Written by Kafka Asagiri and illustrated by Sango Harukawa, Bungo Stray Dogs is set in Yokohama, Japan, following the Armed Detective Agency in their fight to protect the city. The episode in question focuses on Francis Fitzgerald, named after The Great Gatsby’s author Scott F. Fitzgerald, and his rise to power following his defeat at the end of Season 2.

The Rise and Fall of Francis Fitzgerald

We’ve covered this episode before, praising how effectively and memorably it transforms one of the show’s best villains in just over 20 minutes, making it hard not to root for him. For context, Francis first appears at the end of Season 1 purely to foreshadow his and his organization’s antagonism toward not only the protagonists but also the previous villains, The Port Mafia.
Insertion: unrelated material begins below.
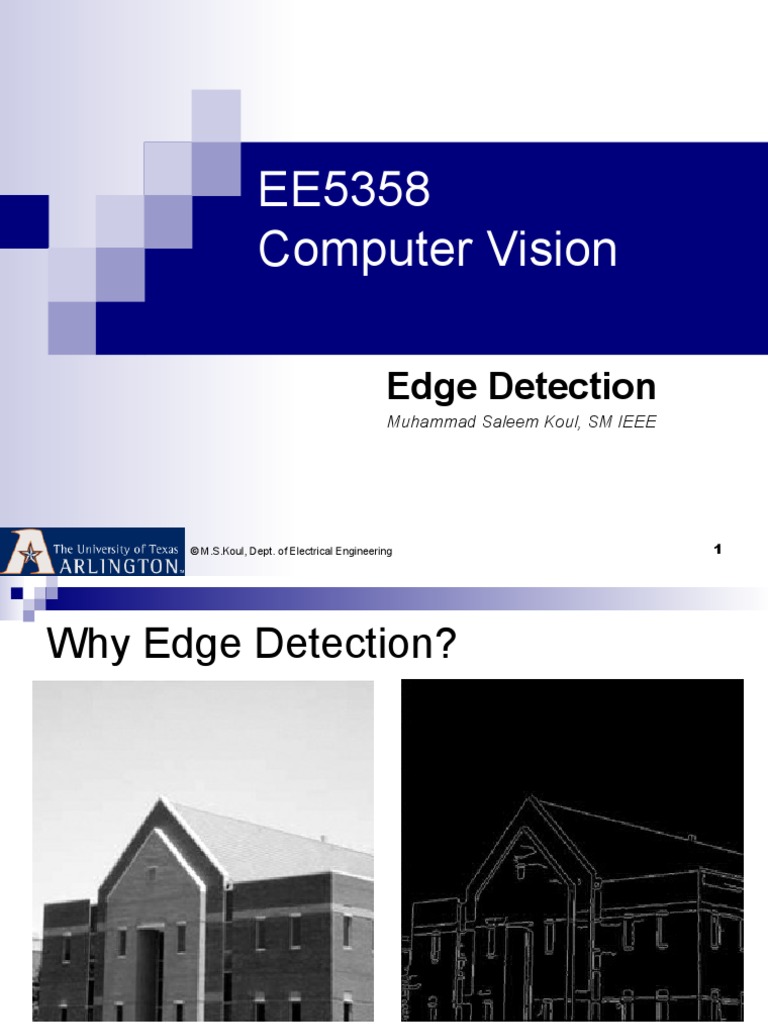 3 EdgeDetection | PDF | Cybernetics | Graphics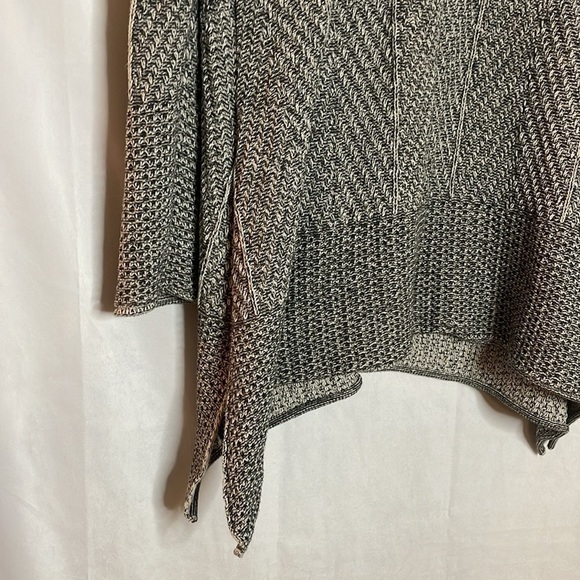 JEANNE PIERRE FLOWY KNIT TUNIC SWEATER (S) - Picture 3 of 7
The Guild is a who’s who of classic authors: Herman Melville (Moby Dick), Louisa May Alcott (Little Women), Edgar Allan Poe (The Raven), John Steinbeck (The Grapes of Wrath), and more. Season 2 presented a three-way war between the Agency, the Mafia, and the Guild. After agreeing to a cease-fire, the Agency and Mafia combined forces, and series lead Atsushi Nakajima teamed up with his rival, Ryunosuke Akutagawa, to defeat Francis.

Borrowing from The Great Gatsby’s themes and historical setting, Francis’ power in the series allows him to increase his strength relative to the amount of money he spends. Unfortunately for him, he ended up expending every cent he had to his name and still ended up defeated. The fans wouldn’t see him again until series Episode 32, “Fitzgerald Rising”.

The episode humbles this once entertaining but somewhat one-dimensional villain and then uses this vulnerable state to set him on a path to earning his spot back on the main stage of the story. It’s a true-to-word rags-to-riches tale that sees him team up with Louisa May Alcott to earn enough capital to restart the Guild. The trick is, they have to solve a murder.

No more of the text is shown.